A- Es-tu familière avec le néochamanisme et, si oui, qu’est-ce que ce mouvement t’inspire?

DD- Je ne connais pas vraiment le néochamanisme, si ce n’est que c’est lié aux champs de la neurothéologie. L’idée que nous sommes capable de déclencher des expériences spirituelles m’intéresse énormément. Cela suggère qu’il y a quelque chose dans notre biologie qui cherche à atteindre un état d’unité et à faire reconnaitre le fait que nous sommes tous interconnectés. Cette même idée supporte également la logique du paradoxe, au détriment des modes de pensée de types binaires (vrai/faux, mâle/femelle, bien/mal, etc).

A- Comment expliques-tu le succès de la figure de la mort dans la culture populaire contemporaine (t-shirt tête de mort, tatoo tête de mort, bijoux tête de mort, histoires de vampires et de zombies, le tourisme de l’ayahuasca, etc)?

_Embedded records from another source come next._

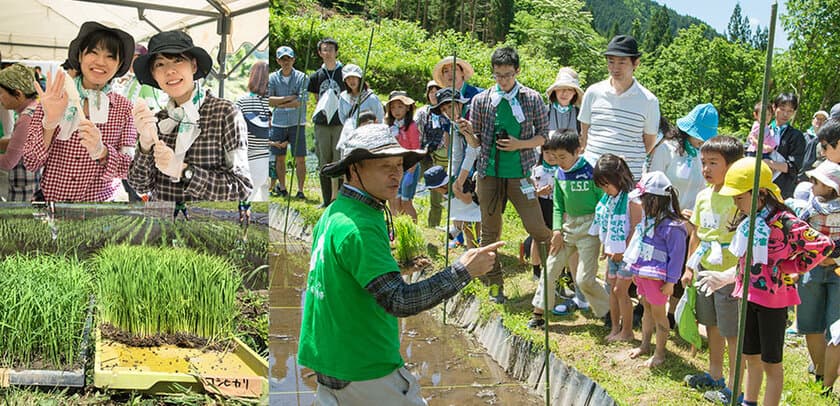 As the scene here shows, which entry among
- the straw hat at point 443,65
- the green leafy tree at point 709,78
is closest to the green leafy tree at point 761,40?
the green leafy tree at point 709,78

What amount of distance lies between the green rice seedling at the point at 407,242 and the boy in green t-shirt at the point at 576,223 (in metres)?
1.48

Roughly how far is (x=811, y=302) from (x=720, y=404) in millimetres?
733

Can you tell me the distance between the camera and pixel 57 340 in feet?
12.9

DD- C’est une question intéressante. Ma réponse est que je ne l’explique pas, même si j’ai bien quelques idées: le déni de la mort dans la société contemporaine (on ne meurt plus chez soit par exemple), la mort comme divertissement (dans les films, à la télé, dans les journaux, etc), les nouvelles technologies et l’augmentation de l’humain, l’acceptation de vivre ‘le moment présent’. Il y a aussi cette idée qui dit que ce que l’on ‘nomme’ perd de sa puissance. Peut-être que la prolifération des symboles mortuaires nous rend plus forts ou nous protège.

Paris 11.

Paris 11.

 

A- En 1976, Baudrillard écrit: « Avec la Contre-Réforme et les jeux funèbres et obsessionnels du Baroque (XVIième siècle), mais surtout avec le protestantisme, le processus d’angoisse devant la mort s’accélère (…), C’est de [là] aussi que  surgit (…) la sanctification par l’investissement (…) qu’on appelle communément ‘esprit du capitalisme’. Depuis, la mort est devenue (…) individuelle et tragique (…) «  (1976:223). Penses-tu qu’il faut repenser la façon dont nous définissons la mort?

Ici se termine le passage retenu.